The Dalhousie Gazette, being the prestigious institution it is, strives to be original. Since I did a “Movember in the Majors” piece last year, here’s a new portmanteau for you: Novembeard.
Trends have come and gone, but in every era beards in some shape or form have always made the cut. From prophets and pirates to lumberjacks and ZZ Top, you can always spot a hirsute hero in a crowd.
Mo’ bros don’t be disheartened: most beards are incomplete without a moustache (with the exception of Honest Abe). So with that bureaucratic snafu taken care of, join the campaign for men’s health awareness and look at some of the most beloved beards in sports.
Honourable Mention: James Harden- In a nod to the Shock Top beer logo, the Rockets guard augments his prolific beard with a Mohawk. Baller move.

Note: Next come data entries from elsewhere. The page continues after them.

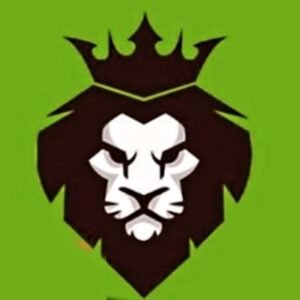 Link Share Group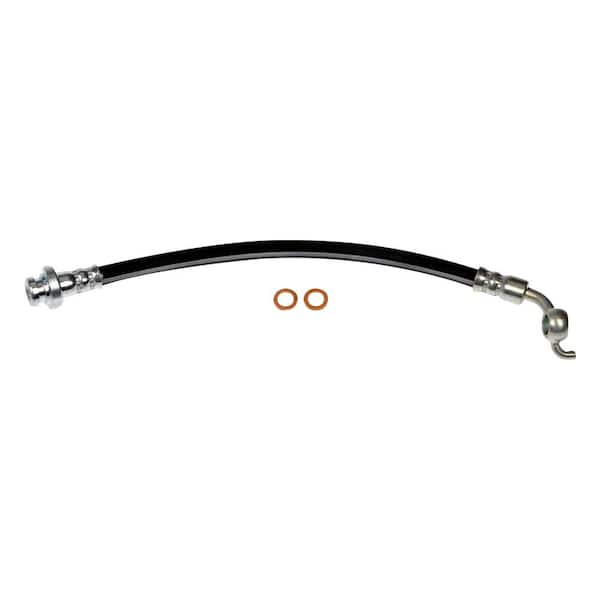 Unbranded Brake Hydraulic Hose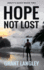 Hope Not Lost (Jabuti's Quest 2)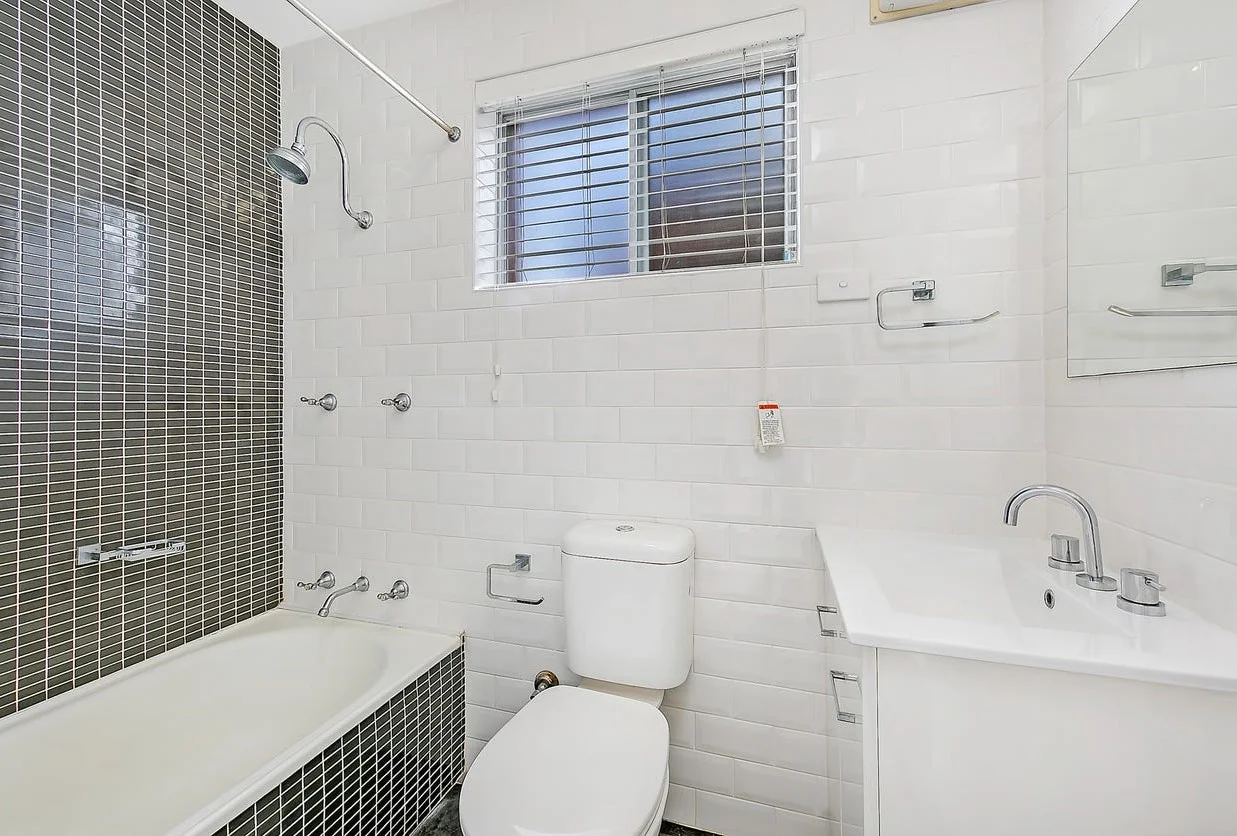 Additional image 4 of 8/1 Western Crescent, Gladesville NSW 2111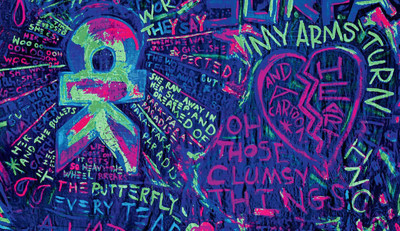 

Music Coldplay Band (Music) United Kingdom on LARGE PRINT 36X24 INCHES Photographic Paper(36 inch X 24 inch, Rolled)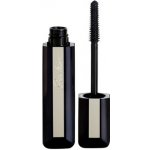Guerlain Maxi Lash So Volume řasenka pro maximální 1 Noir 8,5 ml – Sleviste.cz
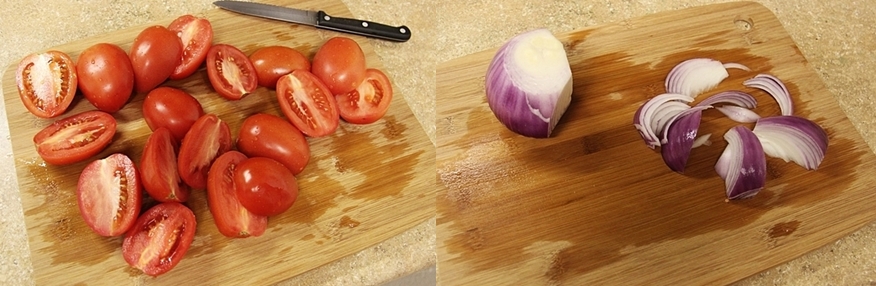 TomatoSoup1combo
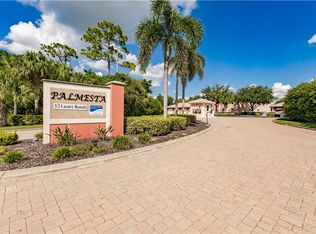 27400 Palmesta Cir #A, Bonita Springs, FL 34135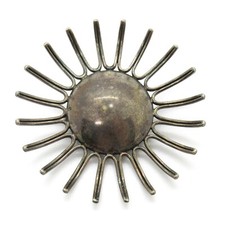 Art deco original - deco,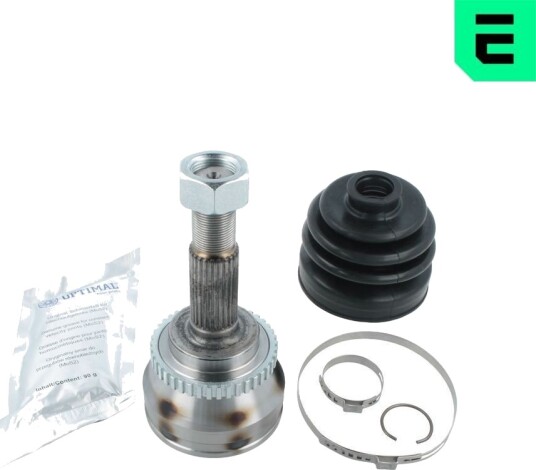 Drivledd OPTIMAL CW-3063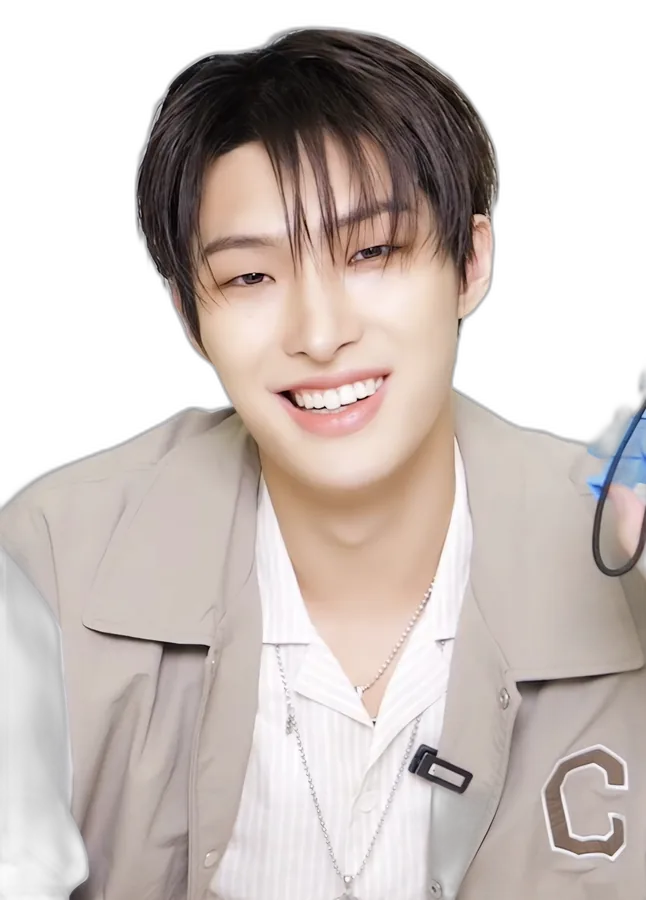 Mingi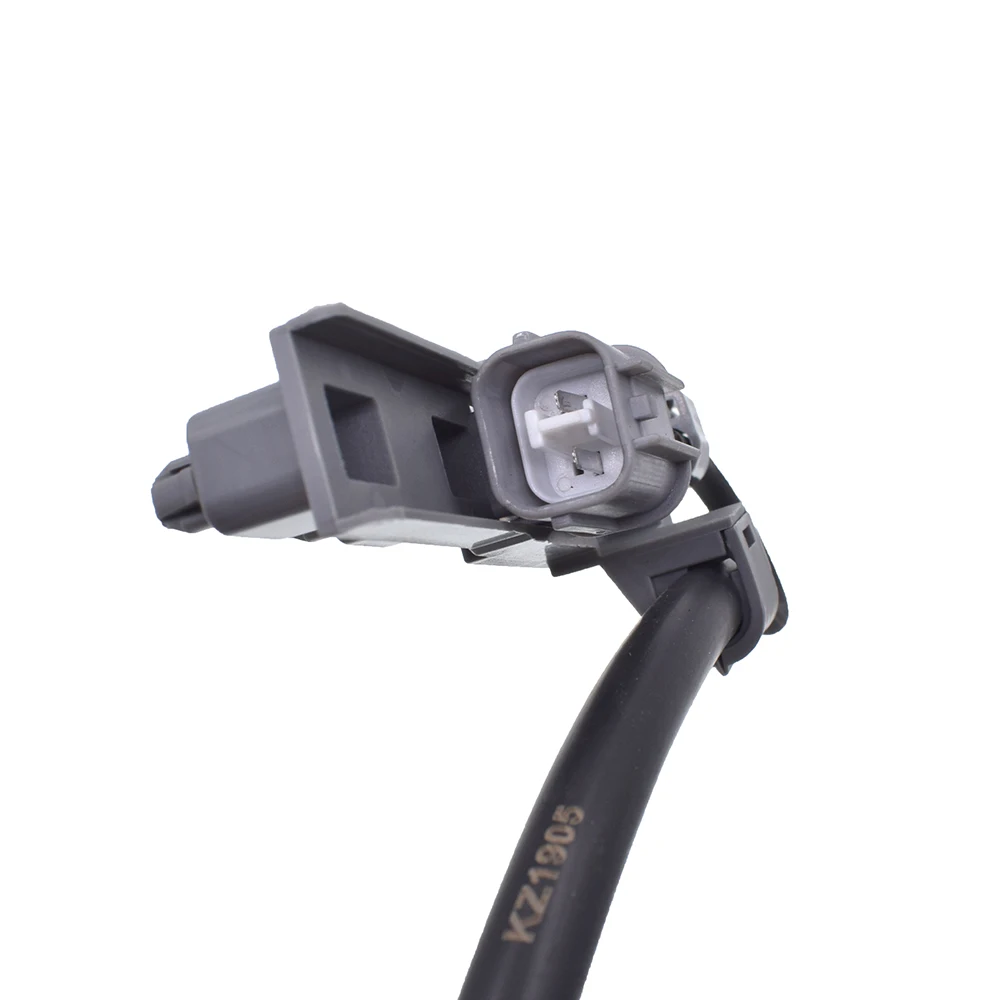 Front Right Left ABS wheel speed sensor for ISUZU D-MAX RODEO TF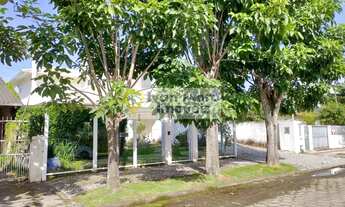 Imagem 3: Casa à venda em Daniela - Florianópolis - SC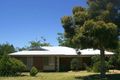 Property photo of 56B Asteroid Way Carlisle WA 6101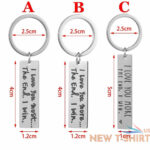 i love you more most the end i win keychain gift for couple valentines day 1.jpg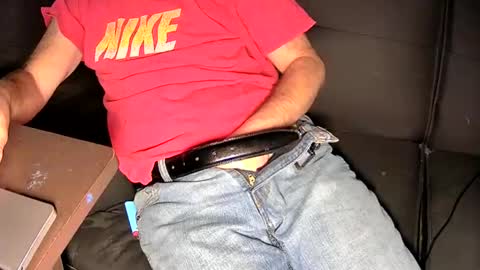 goodboy1979 online show from 17, 4, 2026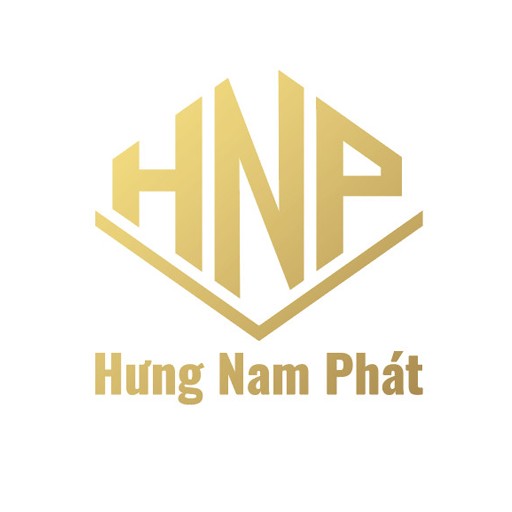 Hưng Nam Phát Profile Picture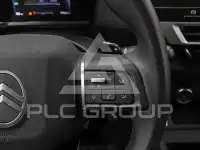 2025 Citroen C4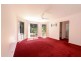 7 Cox Place, Sunshine Bay NSW 2536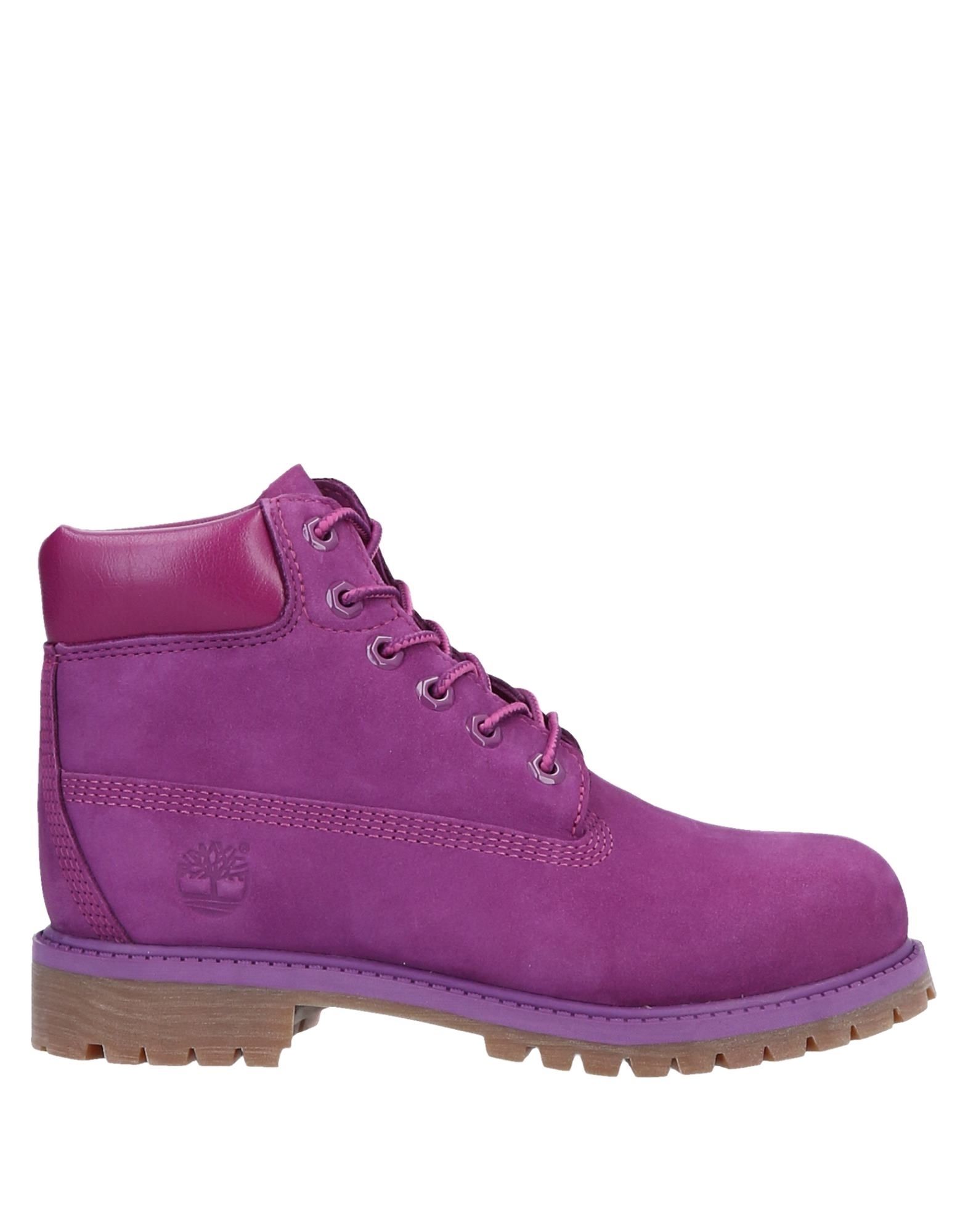 girl timberlands
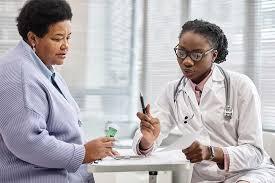 Endocrinologist - $400000.00
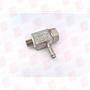 FESTO GRLA-M5-PK-3-B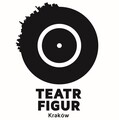 Teatr Figur2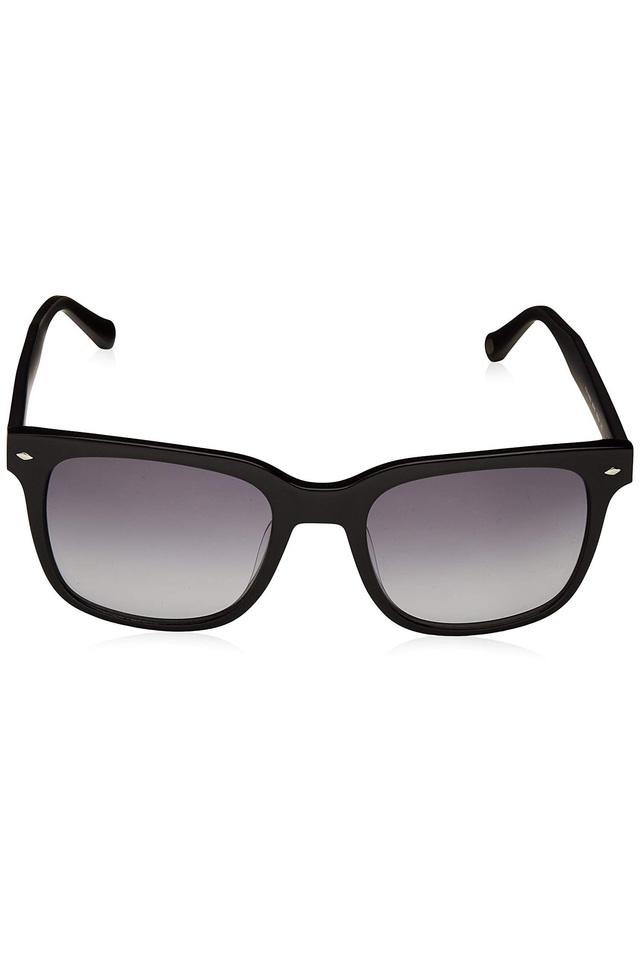 Fossil Fos 3130 GS Prescription Sunglasses for men | Eyeweb.com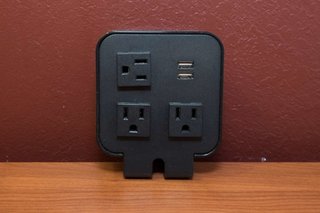 Red Roof Inn Denver,East Cocalico Township>>Denver,2 star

10. The 1980s New York Islanders- The ones who started the playoff beard tradition. These furry four-peaters won the Cup consecutively to open the decade, and started the phenomenon that turns NHLers into Teen Wolves every spring.
9. Sócrates, Brazilian national soccer team- Not to be mistaken for the Greek philosopher, who also had a beard…wait, now I’m confused.
8. Bald bros- Athletes like Tim Howard, Kevin Youkilis and Pero Antić (pictured) prove the efficacy of the ‘top down convertible’ look. Get it? It’s funny because they’re bald up top and bearded below.
7. Sébastein Chabal French national rugby team- Reminiscent of Hanna-Barbera cartoon Captain Caveman, this rugby player had opponents screaming “Heavens to Murgatroyd!”
6. MLB Relievers- Bruce Sutter got the trend going in the early 80s, but Brian Wilson’s “Fear the Beard” campaign in 2010 showed that the most reliable relievers often go unshaved. For further proof, see Goose Gossage and Rollie Fingers of moustache lore.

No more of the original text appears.